Retiradas las partes, don Fernando en su escondite de nuevo, entran las tropas sin contemplaciones. A la búsqueda del antiguo valido, suman aquellos feroces armados la codicia: en el convento se roba cuanto de valor encuentran, incluso en las habitaciones de doña María, la esposa de don Fernando. La impudicia de los asaltantes avergüenza. Le roban sus ropas, hasta las camisas, y buscando mayores bienes, dinero o alhajas, destripan los colchones; en el templo los incidentes aún son de mayor gravedad, al hurto de bienes se une la profanación de capillas, la blasfemia. Y quienes pueden detener aquello, antes al contrario, sino complacidos, lo consienten.

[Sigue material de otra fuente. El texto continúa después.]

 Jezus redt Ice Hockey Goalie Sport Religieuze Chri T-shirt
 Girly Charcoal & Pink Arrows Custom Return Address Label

Hay sospechas de hallarse Valenzuela escondido en lugar próximo a camarín del tabernáculo del Sagrario. Eso y que un fraile acertara a pasar por allí, confundió a algunos de aquellos brutos saqueadores, que comenzaron a gritar: ¡Valenzuela, Valenzuela!, disparando sus armas. Pero el trueno de aquellos disparos en la casa de Dios obraron en el prior el terror que domeñó su deber, redujo su voluntad y poco después don Fernando Valenzuela fue entregado a don Antonio.
La suerte estaba echada para el favorito corrupto, desleal y ambicioso, que fue trasladado a Madrid, y luego a Consuegra. Era el comienzo de un tortuoso peregrinaje que le llevaría a Filipinas y más tarde a Méjico, donde terminaría sus días. Pero esa es otra historia.